Verdi, Aida : (New production) Soloists, chorus and orchestra of The Royal Opera. Royal Opera House, Covent Garden, London. 27.4.2010 (JPr)


David McVicar -  Director
Jean-Marc Puissant - Set designs
Moritz Junge - Costumes



Production Picture © Bill Cooper


I began a review of a live transmission of Aida from The Met last October, by writing ‘This was ‘Grand Opera’ at its grandest and one thing is for sure; Covent Garden’s new staging of Verdi’s opera will not be anything like this when it opens next April.’

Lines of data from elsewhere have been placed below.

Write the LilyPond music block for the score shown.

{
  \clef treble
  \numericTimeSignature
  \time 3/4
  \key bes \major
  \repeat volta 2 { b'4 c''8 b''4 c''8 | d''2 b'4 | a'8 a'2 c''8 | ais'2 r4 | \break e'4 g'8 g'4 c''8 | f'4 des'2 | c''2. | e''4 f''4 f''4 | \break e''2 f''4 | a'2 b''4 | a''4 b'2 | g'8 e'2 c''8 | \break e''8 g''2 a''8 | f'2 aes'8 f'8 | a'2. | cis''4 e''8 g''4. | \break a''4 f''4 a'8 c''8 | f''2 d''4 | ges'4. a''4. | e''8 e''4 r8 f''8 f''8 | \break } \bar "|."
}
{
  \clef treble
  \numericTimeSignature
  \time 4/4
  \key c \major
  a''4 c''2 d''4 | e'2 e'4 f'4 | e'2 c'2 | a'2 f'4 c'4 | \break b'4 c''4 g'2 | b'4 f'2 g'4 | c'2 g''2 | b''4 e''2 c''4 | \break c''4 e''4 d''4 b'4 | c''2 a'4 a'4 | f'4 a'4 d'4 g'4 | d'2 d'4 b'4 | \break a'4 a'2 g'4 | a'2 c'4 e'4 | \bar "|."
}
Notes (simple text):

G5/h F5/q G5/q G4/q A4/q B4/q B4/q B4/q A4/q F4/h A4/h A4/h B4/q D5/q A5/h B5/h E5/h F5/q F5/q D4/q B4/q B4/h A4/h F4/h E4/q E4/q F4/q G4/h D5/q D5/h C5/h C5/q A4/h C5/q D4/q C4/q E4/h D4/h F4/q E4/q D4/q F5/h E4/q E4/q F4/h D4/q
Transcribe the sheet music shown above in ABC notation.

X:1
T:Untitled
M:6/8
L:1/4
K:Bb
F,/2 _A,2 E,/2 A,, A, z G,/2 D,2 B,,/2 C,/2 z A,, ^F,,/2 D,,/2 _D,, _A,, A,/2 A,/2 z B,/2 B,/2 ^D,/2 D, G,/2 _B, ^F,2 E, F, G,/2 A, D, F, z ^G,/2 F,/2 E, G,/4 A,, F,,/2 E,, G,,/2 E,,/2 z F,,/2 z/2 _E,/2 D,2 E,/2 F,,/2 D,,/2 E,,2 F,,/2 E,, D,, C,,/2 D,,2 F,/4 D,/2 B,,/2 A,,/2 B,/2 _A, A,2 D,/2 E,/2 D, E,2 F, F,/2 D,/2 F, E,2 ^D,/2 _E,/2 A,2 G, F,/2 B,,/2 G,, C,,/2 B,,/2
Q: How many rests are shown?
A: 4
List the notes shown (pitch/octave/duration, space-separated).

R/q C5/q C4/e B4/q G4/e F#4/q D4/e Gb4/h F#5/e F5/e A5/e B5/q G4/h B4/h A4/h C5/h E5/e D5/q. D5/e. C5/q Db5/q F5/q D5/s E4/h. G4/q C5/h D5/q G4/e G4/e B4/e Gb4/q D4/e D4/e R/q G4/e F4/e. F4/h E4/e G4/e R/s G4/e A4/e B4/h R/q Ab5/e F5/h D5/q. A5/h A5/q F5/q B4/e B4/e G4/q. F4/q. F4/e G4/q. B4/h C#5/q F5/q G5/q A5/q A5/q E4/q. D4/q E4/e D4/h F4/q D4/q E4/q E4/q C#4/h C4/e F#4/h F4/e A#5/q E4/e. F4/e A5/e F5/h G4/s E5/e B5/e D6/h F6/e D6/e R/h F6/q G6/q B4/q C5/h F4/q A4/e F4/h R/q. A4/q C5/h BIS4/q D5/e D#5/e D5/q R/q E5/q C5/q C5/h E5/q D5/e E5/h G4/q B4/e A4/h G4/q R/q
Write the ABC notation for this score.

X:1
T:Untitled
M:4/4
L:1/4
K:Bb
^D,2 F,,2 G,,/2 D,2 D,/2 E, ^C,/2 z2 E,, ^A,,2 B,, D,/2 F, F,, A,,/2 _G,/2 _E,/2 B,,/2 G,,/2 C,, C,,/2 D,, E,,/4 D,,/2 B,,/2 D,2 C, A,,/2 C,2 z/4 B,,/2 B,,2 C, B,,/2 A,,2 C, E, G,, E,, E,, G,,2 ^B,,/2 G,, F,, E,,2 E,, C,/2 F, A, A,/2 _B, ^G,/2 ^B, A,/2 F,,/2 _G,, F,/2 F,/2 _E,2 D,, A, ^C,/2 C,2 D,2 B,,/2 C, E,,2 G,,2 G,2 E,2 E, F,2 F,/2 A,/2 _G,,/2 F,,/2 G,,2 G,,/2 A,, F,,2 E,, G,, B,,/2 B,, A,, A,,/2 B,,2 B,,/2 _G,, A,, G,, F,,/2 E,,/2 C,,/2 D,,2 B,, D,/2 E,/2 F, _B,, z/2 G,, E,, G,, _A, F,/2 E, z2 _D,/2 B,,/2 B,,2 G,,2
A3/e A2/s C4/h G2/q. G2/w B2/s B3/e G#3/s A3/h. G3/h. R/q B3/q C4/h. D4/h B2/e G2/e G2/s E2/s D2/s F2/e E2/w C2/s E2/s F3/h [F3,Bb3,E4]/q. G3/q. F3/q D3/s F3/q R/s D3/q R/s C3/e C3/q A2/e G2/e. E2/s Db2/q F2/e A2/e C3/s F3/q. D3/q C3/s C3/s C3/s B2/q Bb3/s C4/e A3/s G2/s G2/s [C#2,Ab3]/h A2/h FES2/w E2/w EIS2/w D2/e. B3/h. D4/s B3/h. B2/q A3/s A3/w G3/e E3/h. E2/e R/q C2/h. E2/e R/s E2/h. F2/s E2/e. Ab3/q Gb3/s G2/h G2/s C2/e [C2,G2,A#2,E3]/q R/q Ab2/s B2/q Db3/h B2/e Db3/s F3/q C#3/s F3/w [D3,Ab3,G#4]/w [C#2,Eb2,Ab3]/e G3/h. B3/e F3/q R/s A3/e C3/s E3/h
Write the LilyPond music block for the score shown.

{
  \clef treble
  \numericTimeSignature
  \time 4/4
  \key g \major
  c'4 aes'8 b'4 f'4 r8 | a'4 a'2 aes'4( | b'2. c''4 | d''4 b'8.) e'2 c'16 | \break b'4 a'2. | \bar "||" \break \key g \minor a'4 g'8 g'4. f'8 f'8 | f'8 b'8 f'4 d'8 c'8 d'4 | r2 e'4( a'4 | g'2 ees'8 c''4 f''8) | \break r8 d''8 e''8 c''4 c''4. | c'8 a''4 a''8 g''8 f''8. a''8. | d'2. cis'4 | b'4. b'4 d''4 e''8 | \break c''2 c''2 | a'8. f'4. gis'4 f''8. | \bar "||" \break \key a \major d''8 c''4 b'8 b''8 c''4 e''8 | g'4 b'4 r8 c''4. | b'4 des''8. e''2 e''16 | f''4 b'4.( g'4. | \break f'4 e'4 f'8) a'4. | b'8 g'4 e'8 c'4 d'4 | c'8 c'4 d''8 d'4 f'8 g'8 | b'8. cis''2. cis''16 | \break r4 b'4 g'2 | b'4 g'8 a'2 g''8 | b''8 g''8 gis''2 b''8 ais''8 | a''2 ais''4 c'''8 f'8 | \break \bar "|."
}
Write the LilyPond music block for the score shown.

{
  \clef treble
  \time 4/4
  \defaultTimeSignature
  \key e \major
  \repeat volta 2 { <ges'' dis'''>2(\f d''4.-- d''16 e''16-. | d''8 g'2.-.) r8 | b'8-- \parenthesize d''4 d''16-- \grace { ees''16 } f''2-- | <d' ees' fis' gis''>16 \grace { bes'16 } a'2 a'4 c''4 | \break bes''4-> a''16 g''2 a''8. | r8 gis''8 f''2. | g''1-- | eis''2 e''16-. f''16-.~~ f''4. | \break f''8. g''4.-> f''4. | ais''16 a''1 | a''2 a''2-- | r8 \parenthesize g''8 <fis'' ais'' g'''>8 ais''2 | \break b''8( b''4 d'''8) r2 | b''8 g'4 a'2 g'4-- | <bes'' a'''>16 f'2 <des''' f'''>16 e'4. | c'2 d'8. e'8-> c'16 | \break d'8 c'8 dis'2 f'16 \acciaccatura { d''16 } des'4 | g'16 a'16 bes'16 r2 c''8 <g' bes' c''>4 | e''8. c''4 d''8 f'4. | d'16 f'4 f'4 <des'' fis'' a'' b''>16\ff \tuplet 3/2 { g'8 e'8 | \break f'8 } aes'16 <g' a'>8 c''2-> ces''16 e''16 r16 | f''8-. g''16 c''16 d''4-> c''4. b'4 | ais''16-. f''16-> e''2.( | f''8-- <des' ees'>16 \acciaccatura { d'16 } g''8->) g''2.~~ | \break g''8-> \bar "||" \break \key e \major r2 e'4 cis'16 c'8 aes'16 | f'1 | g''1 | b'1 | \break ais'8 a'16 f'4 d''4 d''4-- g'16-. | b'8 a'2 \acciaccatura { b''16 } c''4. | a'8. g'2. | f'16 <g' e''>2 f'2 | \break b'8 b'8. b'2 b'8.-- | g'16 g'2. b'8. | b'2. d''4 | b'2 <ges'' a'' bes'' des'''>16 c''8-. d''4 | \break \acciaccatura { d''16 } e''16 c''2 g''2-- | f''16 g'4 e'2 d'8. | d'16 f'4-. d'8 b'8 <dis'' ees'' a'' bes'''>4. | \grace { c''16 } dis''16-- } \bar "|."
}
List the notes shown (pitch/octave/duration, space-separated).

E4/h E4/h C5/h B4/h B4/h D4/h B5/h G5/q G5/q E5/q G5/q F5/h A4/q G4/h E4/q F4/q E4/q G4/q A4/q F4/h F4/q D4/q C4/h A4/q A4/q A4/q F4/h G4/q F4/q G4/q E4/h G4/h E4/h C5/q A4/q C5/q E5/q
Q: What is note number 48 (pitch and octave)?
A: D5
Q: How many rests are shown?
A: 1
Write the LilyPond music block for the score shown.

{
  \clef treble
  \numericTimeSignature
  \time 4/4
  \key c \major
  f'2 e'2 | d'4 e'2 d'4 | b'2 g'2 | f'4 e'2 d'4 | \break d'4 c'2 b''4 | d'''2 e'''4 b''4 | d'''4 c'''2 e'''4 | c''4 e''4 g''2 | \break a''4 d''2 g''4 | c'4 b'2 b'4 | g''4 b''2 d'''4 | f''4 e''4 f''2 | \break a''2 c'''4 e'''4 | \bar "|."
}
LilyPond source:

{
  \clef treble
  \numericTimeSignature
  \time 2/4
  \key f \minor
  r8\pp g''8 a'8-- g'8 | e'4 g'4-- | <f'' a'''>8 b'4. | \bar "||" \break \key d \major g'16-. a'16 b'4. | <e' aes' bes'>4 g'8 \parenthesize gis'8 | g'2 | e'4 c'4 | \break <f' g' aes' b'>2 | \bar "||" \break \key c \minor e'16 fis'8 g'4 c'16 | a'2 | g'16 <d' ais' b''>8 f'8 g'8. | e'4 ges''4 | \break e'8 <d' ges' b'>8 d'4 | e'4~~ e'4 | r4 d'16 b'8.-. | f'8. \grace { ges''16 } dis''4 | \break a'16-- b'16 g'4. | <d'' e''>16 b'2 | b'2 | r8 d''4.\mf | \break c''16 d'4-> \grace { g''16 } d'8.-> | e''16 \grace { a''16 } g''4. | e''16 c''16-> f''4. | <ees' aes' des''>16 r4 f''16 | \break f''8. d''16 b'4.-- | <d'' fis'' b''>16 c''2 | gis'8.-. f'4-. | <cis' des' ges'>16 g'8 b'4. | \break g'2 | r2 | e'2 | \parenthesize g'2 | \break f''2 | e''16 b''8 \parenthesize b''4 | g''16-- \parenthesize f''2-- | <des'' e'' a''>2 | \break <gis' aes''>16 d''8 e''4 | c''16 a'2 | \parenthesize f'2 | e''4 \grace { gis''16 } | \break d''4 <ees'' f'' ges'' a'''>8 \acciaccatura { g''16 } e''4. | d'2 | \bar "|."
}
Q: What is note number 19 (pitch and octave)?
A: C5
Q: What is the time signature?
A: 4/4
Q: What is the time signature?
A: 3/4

Spring is upon us now bringing this much-anticipated new production by David McVicar and there was nothing at all ‘Grand’ about it, just as I predicted. The conductor Nicola Luisotti, spoke recently in an interview about how this opera ‘isn’t about elephants and camels and spectacle, although many people think it is. Nearly all scenes are with two or three people – Aida and Radames, Amonasro and Aida, Amneris and Radames ... The power struggles of Church and State are very strong. We see that in the world today … The end of the opera is decided by the priests not by the King. It’s about today as much as it’s about Ancient Egypt.’ Actually, there was not really much of ‘today’ in this staging that I could discern. Aida’s very own ‘elephant in the room’ – that over-used phrase in current political debates – is that there are so many Egyptian references in the libretto that it is difficult not to hope for a hint of Sphinx, for some hieroglyphs or even to long for Zandra Rhodes’s actual turquoise elephant from English National Opera’s recent production. I enjoyed that more - both scenically and even more crucially, musically – than this production.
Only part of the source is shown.